The Festival of Trees, a free family-oriented event, was spearheaded by the Community Youth Advisory Council and Central Nevada Grange.
It was a chance for various groups, businesses, families and others to create their own unique Christmas trees for public display.
“We had everything from the Rotary to the Salvation Army to the schools, PIC/SolarReserve, the Historic Mining Park, Tonopah Justice Court, Renown Medical Group, the Tonopah High School (varsity girls) basketball team,” Cobb said.
The list also included private individuals and businesses, the town of Tonopah, Cobb’s family farm and groups such as the Tonopah Preschool, 4-H in Round Mountain and WestCare.
“Multiple people,” she said. “They all decorated them, too, made the decorations to a theme they wanted to show here.”
Though the Festival of Trees spanned four hours from 3 p.m. to 7 p.m., participants arrived at 10 a.m. to start decorating.
“It’s really amazing,” said Layla Ramirez, 14, of Tonopah, part of the Community Youth Advisory Council. “It’s magical. There are so many trees, it’s so beautiful.”

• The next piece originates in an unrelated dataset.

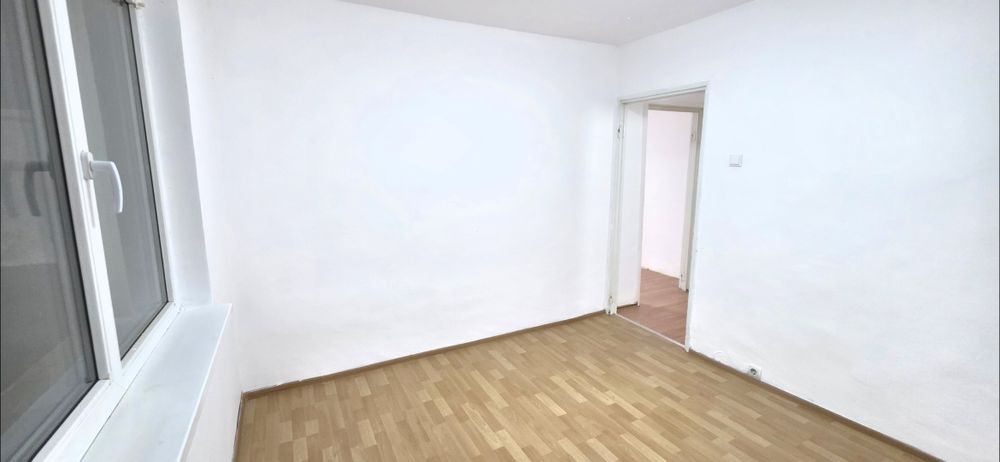 2 camere, zona CENTRALA, orientare SUD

She was impressed by “seeing all the parents and kids, seeing the community come together to look at all the beautiful trees.”
Multiple tree themes
A tree festival Cobb attended in Atlanta helped inspire the Tonopah event, which included Christmas songs performed by Tonopah Middle School students, a children’s Christmas story time and recorded Christmas music.

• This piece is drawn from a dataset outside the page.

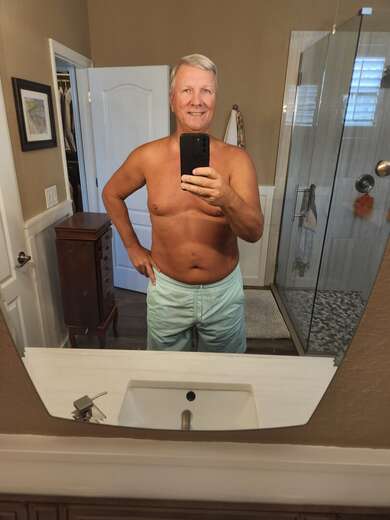 Tall Fit Senior Adult - Straight Male Escort in Cayman Islands - Main Photo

For those who could not attend, Cobb provided tree descriptions to the Times-Bonanza as she stood among them.
Ayers Creations, for example, displayed a tree with Western-themed decorations. Renown’s tree featured the health provider’s purple and gold colors. The Cobb family farm’s tree featured traditional sagebrush in Nevada colors of blue and silver.
Nearby was “a traditional English tree that you’d see in England from the olden days,” Cobb said. “It was always the gold and the greens and reds.”
“We have the Tonopah Middle School Student Council,” Cobb said. “They did it as a school. They’ve got rulers and apples on their tree to talk about their school stuff.”
Tonopah High School’s girls basketball team brought a sports theme to its tree. “All of the kids painted orange balls to make basketballs. All the decorations they made themselves.”
Scolari’s Food &Drug, Tonopah’s only grocery store, showcased two trees.
“They have all different types of food on their tree, and the other Scolari’s tree is honoring our troops,” Cobb said. “It’s red, white and blue, completely all the way down and supporting our local heroes in our town.”
She described the PIC/SolarReserve entry as an “amazing tree.”
“The decorations are ornaments with seeds in them so that they can take them off their tree and go plant them, and they’ll grow shrubbery that is native to this area. So their tree is all about putting back into the earth.”
The tree from the Best Western Hi-Desert Inn is really cute, Cobb said.
“If you look over there, it’s all about having a sweet tooth. We’ve got gingerbread and lollipops, and it’s all about candy and sweets and Christmas delights.”
In a Facebook post, town staffer Shari Bombard described the Christmas tree from Tonopah’s Historic Mining Park.
“It’s a Historic Tonopah tree,” she wrote. “There are 10 framed photos of Tonopah, with dates varying from 1900-1917, rusted ornaments, and a rock tree skirt with rocks from the Mining Park. Special thanks to Tonopah resident Cindy Zimmerman for all her help with the crafting part! She is amazing!”
Bolstering those in need
By creating the trees, participants also helped others in the community.
“We are going to have a silent auction to start a Tonopah disaster fund for the less fortunate people,” Cobb said. “The disaster fund will help people maybe who are ill, maybe help them get gas cards so they can get medical treatment or help get to a family member. All of the proceeds go to that. Everybody here is on board with that.”
The silent auction featured the trees themselves with all but about three donated to raise funds for the Tonopah disaster fund.
“They take the whole tree home with them, decorated and everything,” Cobb said of successful silent auction bidders. “Most of these trees have $100 to $150 invested in the trees so these groups and private people have donated them and helped to raise money.”